Handling ranks in the unit tests is different than other resource-query-based tests. That is due to the fact that resource-query simulates the behavior of the scheduler independent of the resource manager and execution system. To enable sharness tests with resource-query, the files need to explicity map ranks >=0 to resources.

Note that the implementation in this PR does not update the aggregate or exclusivity filters.

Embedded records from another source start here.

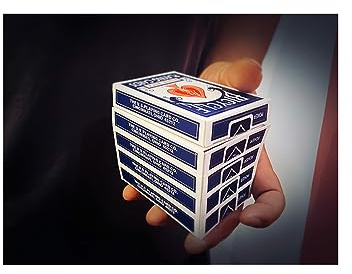 ZQION Vanishing Decks Karte, Zaubertricks, mehrere Decks verschwinden in einem Deck, Magia, Nahaufnahme, Illusionen, Gimmicks, Mentalismus-Requisiten (blaue Farbe)
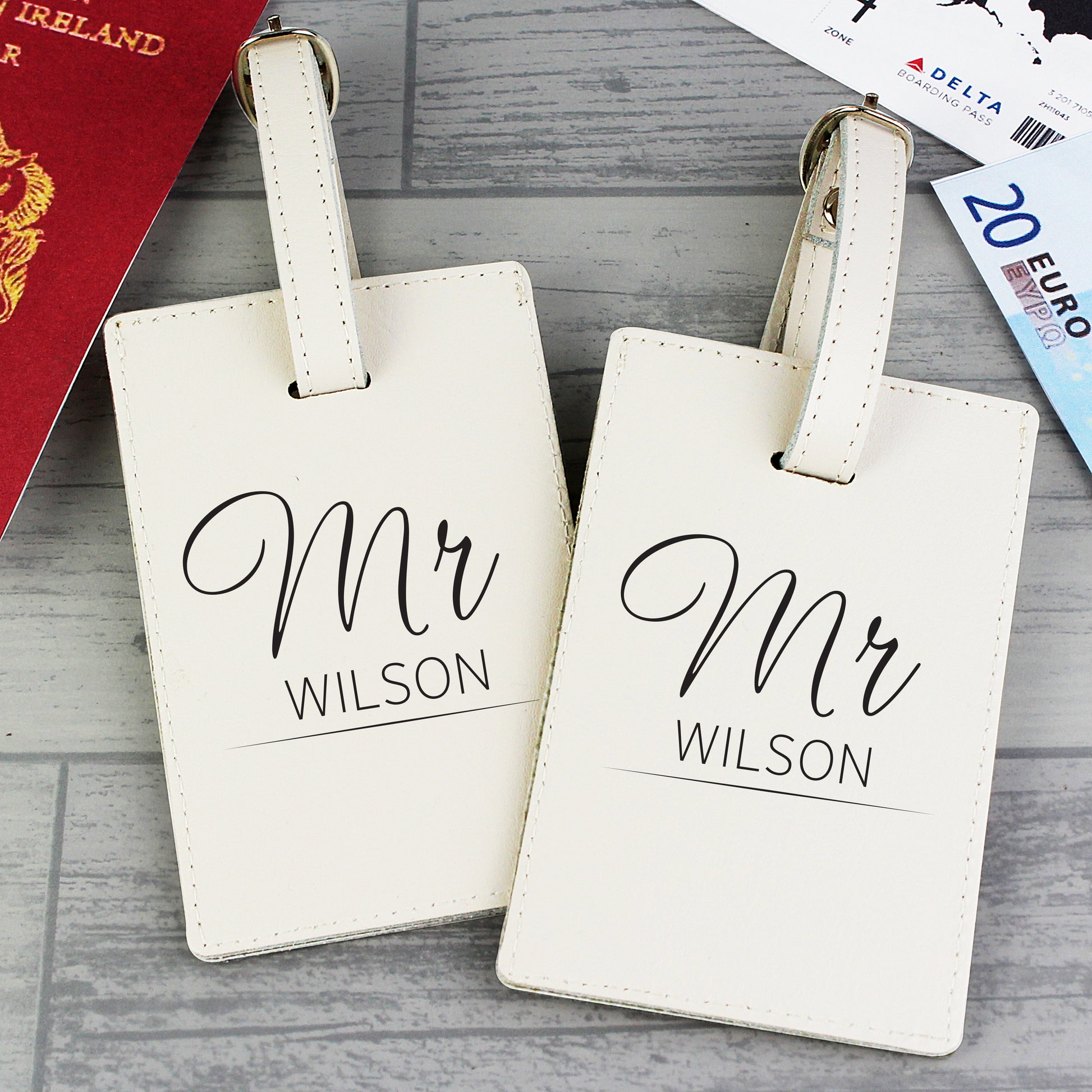 Personalised Couples Classic Cream Luggage Tags - Leather & Leatherette - Inspired Creative Gifts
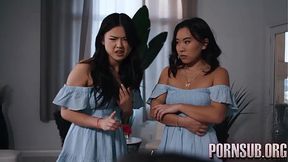 Seductive MILF Latina twins in erotic family taboo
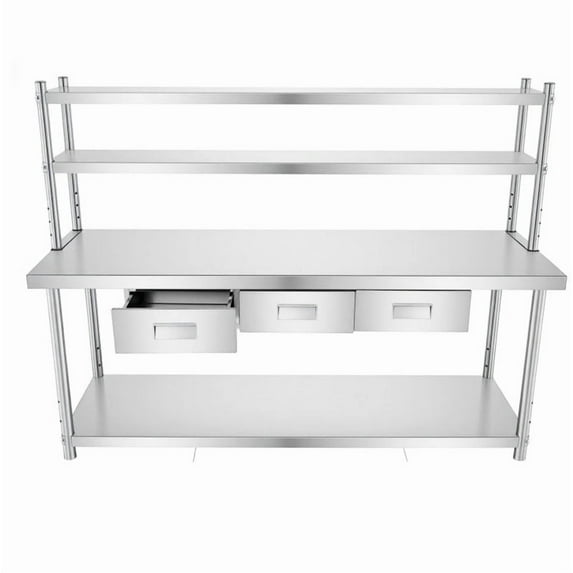 72" X 24" Heavy-Duty Stainless Steel Table, Worktable, Metal Kitchen Prep Table with 72" X 12" Shelf & 3 Drawers for Home Garage Restaurant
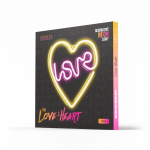 Dekoracija "&scaron;irdis" Neolia The Love Heart su LED ap&scaron;vietimu, 29 cm, 15 cm, balta/violetinė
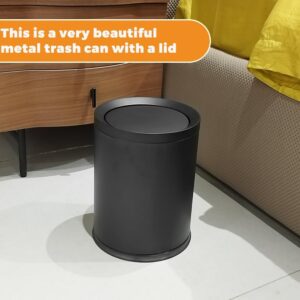 12L/3GAL Black Bathroom Trash Can with Lid,Swing Top Trash can for Bathroom, Modern Trash Can for Bathroom,Bedroom,Living Room,Office,Laundry,Hotel,Bank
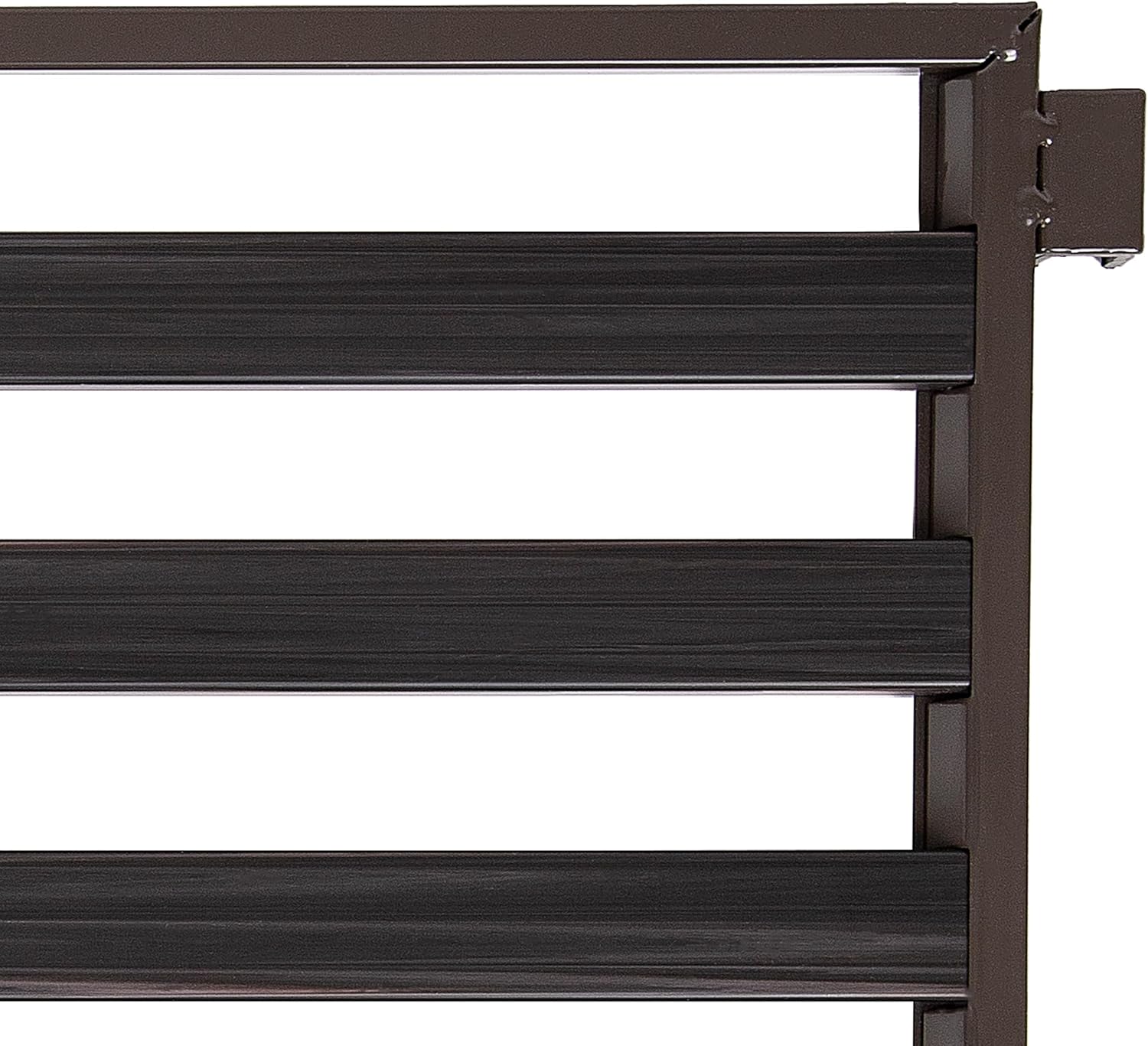 3-Tier Stackable 1" Slat Steel Frame Shoe Rack, 27.25"W x 12.75"D, Espresso | Interlocking modular design maximizes storage while the sturdy steel frame holds up to 12 pairs of shoes (Patented Design)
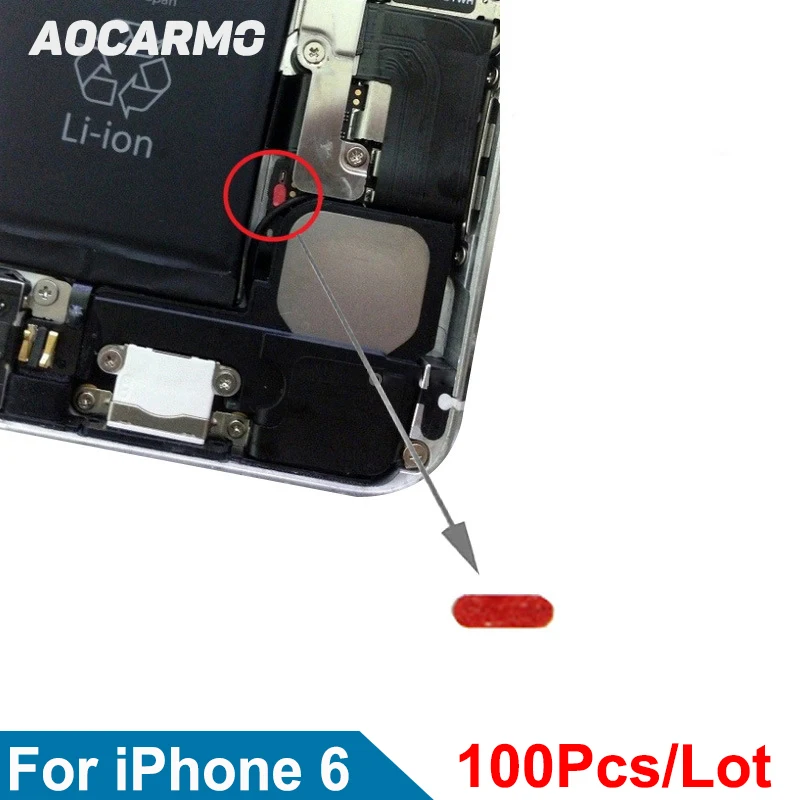 Комплект водонепроницаемых красных наклеек Aocarmo 100 шт./лот для iPhone 6 4 7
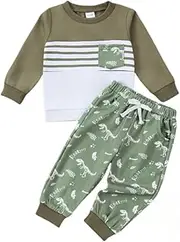 [Bekarsy] Toddler Baby Boy Fall Winter Clothes Long Sleeve Striped Sweatshirt Pullover Tops Dinosaur Pants Outfit Set 12 Months-4T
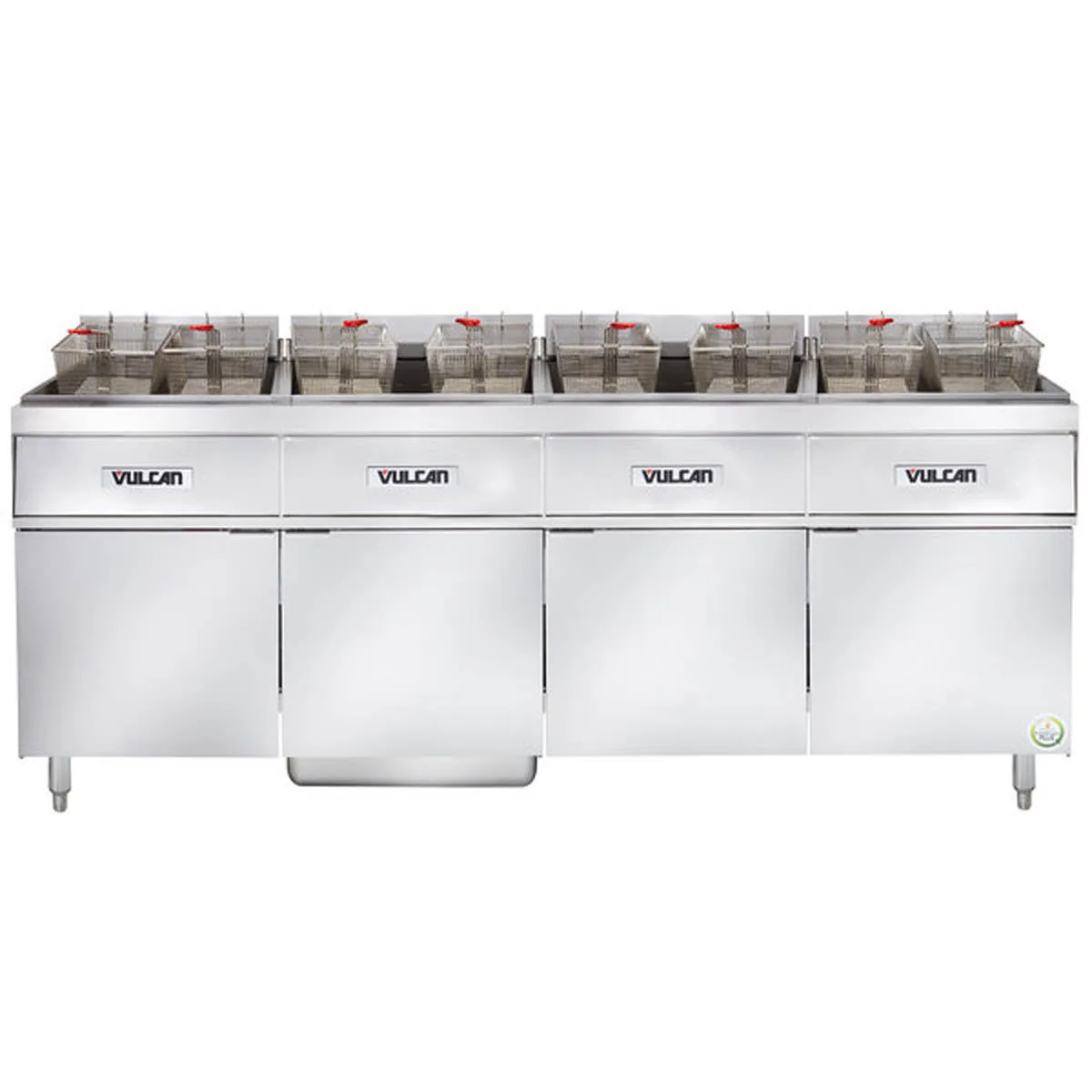 Vulcan 4ER50AF Electric Floor Fryer with Built-In Filter, (4) 50 lb. Fryers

That functionality is performed by the traverser here:

if (m_graph_db->metadata.v_rt_edges[dom].get_trav_token ()
!= m_best_k_cnt) {
// This condition occurs when the subgraph came from a
// traverver different from this traverser, for example,
// a traverser whose dominant subsystem is different than this.
return 0;
}
excl = m_graph_db->metadata.v_rt_edges[dom].get_exclusive ();
x = (excl == 0)? false : true;
needs = static_cast<unsigned int>(m_graph_db->metadata
.v_rt_edges[dom].get_needs ());
m_color.reset ();
bool emit_shadow = modify_traversal (root, false);
if ( (rc = upd_dfv (root, writers, needs,
x, jobmeta, false, dfu, emit_shadow)) > 0) {
uint64_t starttime = jobmeta.at;
uint64_t endtime = jobmeta.at + jobmeta.duration;
if (writers->emit_tm (starttime, endtime) == -1) {
m_err_msg += __FUNCTION__;
m_err_msg += ": emit_tm returned -1.\n";
}
if (jobmeta.is_queue_set ()) {
if (writers->emit_attrs ("queue", jobmeta.get_queue ()) == -1) {
m_err_msg += __FUNCTION__;
m_err_msg += ": emit_attrs returned -1.\n";
}
}
}
return (rc > 0)? 0: -1;
}

Note that there is one TODOs:

  • calling the find_vertex () function when creating vertices results in errors in existing unit tests. I'm reasonably sure this is due to the fact that only one rank exists (-1) for the unit tests, but I need to double-check.
  • may need more test cases; reviewer feedback is welcome here

Resolves issue #991.

@milroy milroy linked an issue Apr 15, 2024 that may be closed by this pull request
@milroy
Copy link
Member Author

milroy commented Apr 15, 2024

@grondo or @garlick I don't think the tests I've added are sufficient to test the desired reload behavior. I'm going to devise more, but I'd like your input if you have suggestions.

@garlick
Copy link
Member

garlick commented Apr 15, 2024

Fantastic! I'm going to do a little manual testing and see if I can come up with some ideas for automated testing.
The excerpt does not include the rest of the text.